Temos, assim, nas mulheres negras um papel que deveria ser desempenhado por pais e mães ou pelos responsáveis pelas crianças. Nossas imagens dos primeiros anos de vida, notadamente da chamada classe média mais abastada, são de mulheres pretas, negras. Nossas primeiras carências, nossas primeiras angústias, nossos primeiros terrores de morte podem ser ligados erroneamente a mulheres que não eram nossas mães, mas que as substituíram e de nós velaram como se filhos seus fôssemos.
A preta boa nos alimentava, a preta má, não. Pouco valeria dizer que ambas cumpriam ordens da patroa branca (a quase sinhá do Séc. XXI/XX); à criança perdida e abandonada a suas terrificantes fantasias, as relações trabalhistas são inalcançáveis.

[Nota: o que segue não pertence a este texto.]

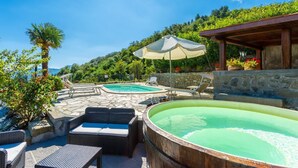 Zona de piscina con sillones de descanso y bañera de hidromasaje, rodeada de suelo de piedra y vegetación.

Durante toda a  infância, as crianças brancas veem os negros e as negras servindo-as, trocando, cozinhando, arrumando, dirigindo, consertando, podando o jardim, sempre ou quase sempre obedientes e caladas. Acostumaram-se a ver os pais brancos fazer distinções arbitrárias ou economicistas, separando as pessoas negras, em “boas” ou “ruins”. À pessoa negra excepcionalmente boa, atribuiu-se uma “alma branca”. Separá-las, pois, é natural às crianças, cujo mundo era naturalmente separado, com as coisas boas e prazeirosas destinadas às crianças brancas.
Por mais que uma criança branca cresça e adquira valores que repudiam essa forma de organização social, lastreada em um sistema escravagista ainda não totalmente extirpado de nosso imaginário branco, ela carregará as experiências que teve. Os ódios à mulher branca que dele não cuidava transferiram-se à mulher negra que por ele se responsabilizou. As identidades que criou durante toda sua vida sempre foram com pessoas brancas. As igualdades que conheceu apenas o nivelava às pessoas brancas; a diversidade racial ou étnica ficava incrustada apenas nos livros de Geografia, como fotografias de Marte, nunca fazendo parte de seu mundo diário.
Essa criança branca que estudou e que adquiriu conhecimentos, que formatou valores igualitários e libertadores, que sente repulsa e asco pelo racismo, traz dentro si memórias que podem trai-la, em momentos cruciantes, naqueles em que estamos expostos e/ou pressionados.
O racismo está dentro da gente mais do que imaginamos ou imaginaríamos. Essa sinceridade gutural e primitiva do Ministro me fez lembrar uma velha canção de Caetano: Eu minto, mas minha voz não mente/Minha voz soa exatamente/De onde, no corpo, na alma de uma pessoa/Se produz a palavra EU…
O ato falho do Ministro é uma dessas oportunidades para que tenhamos uma reflexão do quão introjetados temos os valores ruins e nenhum é pior que o racismo, que nós combatemos, mas que pulsam dentro de nós.
Roberto Tardelli é Advogado Sócio da Banca Tardelli, Giacon e Conway.